Data splitting strategies
Training set sizes
Random seeds

The framework automatically performs:

Data loading and validation
Representation generation (with caching)
Feature preprocessing and scaling
Hyperparameter optimisation (Optuna)
Model training with full reproducibility
Evaluation (RMSE, MAE, R²)
Explainability (SHAP for traditional ML; Integrated Gradients for GNNs)
Publication-ready plot generation
Reproducible run caching and resumption

Key Features

Reproducible Benchmarking

Fully configuration-driven experiments via a single YAML file
All RNGs seeded (Python, NumPy, PyTorch, CUDA) for identical results across machines
Automatic run caching — completed runs are loaded from disk, not recomputed
Interrupted experiments can be resumed without losing work

Molecular Representations

Key	Description
`morgan`	Morgan circular fingerprints
`rdkit`	RDKit 2D molecular descriptors
`circus`	CIRCuS corpus-fit descriptors (training-set-aware)
`hf_transformer`	HuggingFace transformer embeddings (ChemBERTa, MolT5, …)
`unimol`	UniMol v1/v2 3D embeddings
`bespoke` / `precomputed` / `df_lookup`	Pre-computed features loaded from CSV/Parquet
`graph`	Reaction graph (merged disconnected molecular graph for GNNs)

Traditional ML Models

Key	Description
`random_forest`	Random Forest Regressor
`svr`	Support Vector Regression
`xgb`	XGBoost Regressor
`mlp`	Multi-Layer Perceptron

Graph Neural Network Models

Architecture	Key	Edge features	Reference
Graph Convolutional Network	`gcn`	✗	Kipf & Welling, 2017
Graph Attention Network v2	`gat`	✓	Brody et al., 2022
Graph Isomorphism Network + E	`gin`	✓	Hu et al., 2020

Hyperparameter Optimisation

Optuna-based, cross-validated on the training set only
Per-model search spaces defined directly in YAML
Configurable number of trials and folds

Data Splitting

Powered by astartes
random, scaffold, target_property, external samplers
Train-size sweeps and multi-seed evaluation

Explainability

Traditional ML — SHAP (TreeExplainer or generic Explainer): beeswarm summary plots + CSV values
GNNs — Integrated Gradients (signed, no external dependencies): fragment-level beeswarm plots + CSV values

Installation

1. Clone the repository

git clone https://github.com/EdAguilarB/asymbench.git
cd DAAA_ML_Benchmarking

2. Create the conda environment

conda create -n asymmetric_benchmark python=3.11
conda activate asymmetric_benchmark

3. Install dependencies

pip install poetry
poetry install

4. (Optional) GPU support

The GNN pipeline auto-detects CUDA. If you are running on a GPU server, reinstall PyTorch with the correct CUDA wheel before running:

# Check your CUDA version first
nvidia-smi   # look at "CUDA Version:" in the top-right corner

# For CUDA 12.1
pip install torch torchvision \
    --index-url https://download.pytorch.org/whl/cu121 \
    --force-reinstall

# Then reinstall torch-geometric against the new build
TORCH=$(python -c "import torch; print(torch.__version__)")
pip install torch-geometric \
    -f https://data.pyg.org/whl/torch-${TORCH}+cu121.html

# Verify
python -c "import torch; print(torch.cuda.is_available())"

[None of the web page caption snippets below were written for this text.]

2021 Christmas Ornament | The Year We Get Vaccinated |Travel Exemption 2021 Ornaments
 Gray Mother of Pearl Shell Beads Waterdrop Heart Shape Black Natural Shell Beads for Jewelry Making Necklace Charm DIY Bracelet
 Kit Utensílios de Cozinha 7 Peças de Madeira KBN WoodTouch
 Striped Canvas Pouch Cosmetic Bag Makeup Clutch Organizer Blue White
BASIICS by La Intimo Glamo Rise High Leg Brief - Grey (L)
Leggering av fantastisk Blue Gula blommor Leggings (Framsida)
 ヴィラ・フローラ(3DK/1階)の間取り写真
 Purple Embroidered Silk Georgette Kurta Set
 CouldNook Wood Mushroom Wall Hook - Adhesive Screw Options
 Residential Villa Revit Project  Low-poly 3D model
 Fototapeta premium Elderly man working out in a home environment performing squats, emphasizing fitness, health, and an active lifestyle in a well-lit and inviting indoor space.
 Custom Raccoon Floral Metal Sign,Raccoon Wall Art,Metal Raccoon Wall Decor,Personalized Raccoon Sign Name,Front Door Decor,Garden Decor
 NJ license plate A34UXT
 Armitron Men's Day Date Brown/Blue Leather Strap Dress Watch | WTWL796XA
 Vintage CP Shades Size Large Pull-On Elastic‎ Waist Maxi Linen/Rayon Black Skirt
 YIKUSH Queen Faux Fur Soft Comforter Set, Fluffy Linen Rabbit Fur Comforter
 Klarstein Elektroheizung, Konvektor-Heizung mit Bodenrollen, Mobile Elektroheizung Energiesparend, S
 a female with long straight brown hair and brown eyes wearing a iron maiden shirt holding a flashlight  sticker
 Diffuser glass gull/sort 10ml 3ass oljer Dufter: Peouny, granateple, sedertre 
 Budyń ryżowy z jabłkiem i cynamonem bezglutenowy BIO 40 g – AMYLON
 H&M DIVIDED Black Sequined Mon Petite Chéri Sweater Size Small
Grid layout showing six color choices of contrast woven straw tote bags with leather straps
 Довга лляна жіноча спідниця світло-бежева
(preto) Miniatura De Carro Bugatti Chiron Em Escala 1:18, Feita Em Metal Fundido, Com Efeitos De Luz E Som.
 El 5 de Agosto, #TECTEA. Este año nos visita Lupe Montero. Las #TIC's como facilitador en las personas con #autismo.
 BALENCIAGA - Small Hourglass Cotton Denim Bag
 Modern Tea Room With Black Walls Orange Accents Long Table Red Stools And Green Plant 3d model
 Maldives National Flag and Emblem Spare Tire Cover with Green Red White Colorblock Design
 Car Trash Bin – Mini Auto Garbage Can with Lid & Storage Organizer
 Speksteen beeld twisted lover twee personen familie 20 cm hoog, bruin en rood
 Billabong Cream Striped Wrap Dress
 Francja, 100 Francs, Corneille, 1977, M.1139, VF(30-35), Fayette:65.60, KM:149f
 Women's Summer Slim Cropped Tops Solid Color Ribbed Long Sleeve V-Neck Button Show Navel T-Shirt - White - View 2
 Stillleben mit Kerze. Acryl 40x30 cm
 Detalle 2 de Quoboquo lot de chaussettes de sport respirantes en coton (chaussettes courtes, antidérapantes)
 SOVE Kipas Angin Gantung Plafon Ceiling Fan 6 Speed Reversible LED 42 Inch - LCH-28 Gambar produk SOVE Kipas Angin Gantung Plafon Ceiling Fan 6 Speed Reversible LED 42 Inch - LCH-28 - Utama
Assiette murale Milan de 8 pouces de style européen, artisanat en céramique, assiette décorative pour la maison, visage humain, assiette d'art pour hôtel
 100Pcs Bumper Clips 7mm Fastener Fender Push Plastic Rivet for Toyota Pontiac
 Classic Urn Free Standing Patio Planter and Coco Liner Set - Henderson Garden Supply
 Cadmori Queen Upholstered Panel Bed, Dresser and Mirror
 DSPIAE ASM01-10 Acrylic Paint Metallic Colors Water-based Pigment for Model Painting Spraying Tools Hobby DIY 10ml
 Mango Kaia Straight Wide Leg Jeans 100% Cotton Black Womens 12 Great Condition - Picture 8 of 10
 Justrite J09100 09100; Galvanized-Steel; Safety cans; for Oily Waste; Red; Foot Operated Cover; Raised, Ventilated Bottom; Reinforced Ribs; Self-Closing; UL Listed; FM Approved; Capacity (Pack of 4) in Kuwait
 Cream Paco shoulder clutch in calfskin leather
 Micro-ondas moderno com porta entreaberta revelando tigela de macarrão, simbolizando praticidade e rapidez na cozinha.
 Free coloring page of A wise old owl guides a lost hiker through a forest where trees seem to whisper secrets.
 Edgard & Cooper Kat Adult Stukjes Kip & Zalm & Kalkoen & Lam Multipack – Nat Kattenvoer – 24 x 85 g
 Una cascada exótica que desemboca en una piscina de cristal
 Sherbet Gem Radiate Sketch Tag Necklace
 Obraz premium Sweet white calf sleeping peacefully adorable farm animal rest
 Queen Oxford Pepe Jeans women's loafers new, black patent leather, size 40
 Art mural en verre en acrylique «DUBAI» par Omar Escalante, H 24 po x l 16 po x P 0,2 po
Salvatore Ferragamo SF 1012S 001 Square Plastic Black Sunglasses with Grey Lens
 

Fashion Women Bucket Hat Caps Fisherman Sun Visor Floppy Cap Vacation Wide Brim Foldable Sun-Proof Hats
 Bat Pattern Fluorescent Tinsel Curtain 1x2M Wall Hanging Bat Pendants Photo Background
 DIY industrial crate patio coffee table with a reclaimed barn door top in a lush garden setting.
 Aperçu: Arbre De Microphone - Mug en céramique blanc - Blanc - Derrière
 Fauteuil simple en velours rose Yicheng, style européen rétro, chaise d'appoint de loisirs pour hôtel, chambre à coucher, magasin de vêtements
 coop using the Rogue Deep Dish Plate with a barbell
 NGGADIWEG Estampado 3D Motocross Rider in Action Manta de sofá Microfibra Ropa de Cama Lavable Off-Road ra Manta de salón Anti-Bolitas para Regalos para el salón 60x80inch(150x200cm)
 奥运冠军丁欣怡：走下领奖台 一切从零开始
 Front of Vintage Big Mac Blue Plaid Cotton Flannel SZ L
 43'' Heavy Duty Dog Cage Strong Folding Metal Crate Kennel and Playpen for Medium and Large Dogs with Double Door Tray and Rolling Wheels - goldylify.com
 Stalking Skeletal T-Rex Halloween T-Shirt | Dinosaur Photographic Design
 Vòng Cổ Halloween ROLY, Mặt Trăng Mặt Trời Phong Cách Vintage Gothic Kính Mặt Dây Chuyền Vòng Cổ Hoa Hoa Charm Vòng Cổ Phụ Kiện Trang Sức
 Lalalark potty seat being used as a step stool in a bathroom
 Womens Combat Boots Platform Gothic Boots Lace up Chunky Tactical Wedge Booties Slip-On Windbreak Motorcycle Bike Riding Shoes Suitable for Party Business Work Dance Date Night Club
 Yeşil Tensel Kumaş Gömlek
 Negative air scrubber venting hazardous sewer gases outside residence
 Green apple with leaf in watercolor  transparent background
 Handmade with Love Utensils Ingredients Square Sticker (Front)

Replace cu121 with cu118 for CUDA 11.8.

Input Data Format

Required CSV structure

The dataset must be a CSV file where:

Each row is one reaction
Molecular components are represented as SMILES strings in dedicated columns
The regression target (e.g. ΔΔG‡ in kJ/mol) is a numeric column
An optional ID column uniquely identifies each row

id,substrate_smiles,ligand_smiles,solvent_smiles,ddG
1,O=C1C(C(OCC=C)=O)(c2ccccc2)CCC1,O=P1(O)Oc2ccccc2-c2ccccc21,ClCCl,-6.11
2,O=C1C(C(OCC=C)=O)(c2ccc(OC)cc2)CCC1,O=P1(O)Oc2ccccc2-c2ccccc21,ClCCl,-6.05
...

Rules:

There is no limit on the number of SMILES columns — list all reaction components (substrate, ligand, additive, solvent, …)
The SMILES columns are listed in smiles_columns in the YAML config
All SMILES columns listed there are used to build the graph representation; other columns are ignored
For bespoke / precomputed representations, a separate CSV or Parquet file may be provided containing pre-computed numerical features indexed by the same ID column
Reaction/experimental variables (temperature, time, concentration, etc.) can be kept as additional numeric columns in the same CSV and referenced via reaction_features in the YAML config (see below)

Bespoke features CSV

When using type: bespoke or type: precomputed, provide a second file:

id,steric_param,hammett_sigma,solvent_dielectric,...
1,19.96,0.00,8.93,...
2,17.66,-0.27,8.93,...

The index_col key tells AsymBench which column to use as the join key (must match id_col in the main dataset).

All-columns mode: If your bespoke CSV contains only the identifier column plus feature columns (no other metadata), you can omit feature_columns entirely and AsymBench will use every remaining column as a feature automatically. See Representation Names → Bespoke / precomputed features for full details and examples.

Quick Start

1. Place your data

data/
└── my_reaction/
    ├── reactions.csv          # main dataset
    └── bespoke_features.csv   # optional pre-computed features

2. Create a config file

benchmarks/
└── my_reaction/
    └── benchmark_config.yaml

3. Run

python -m benchmarks.run_benchmark --config benchmarks/my_reaction/benchmark_config.yaml

Results are written to the directories specified in log_dirs.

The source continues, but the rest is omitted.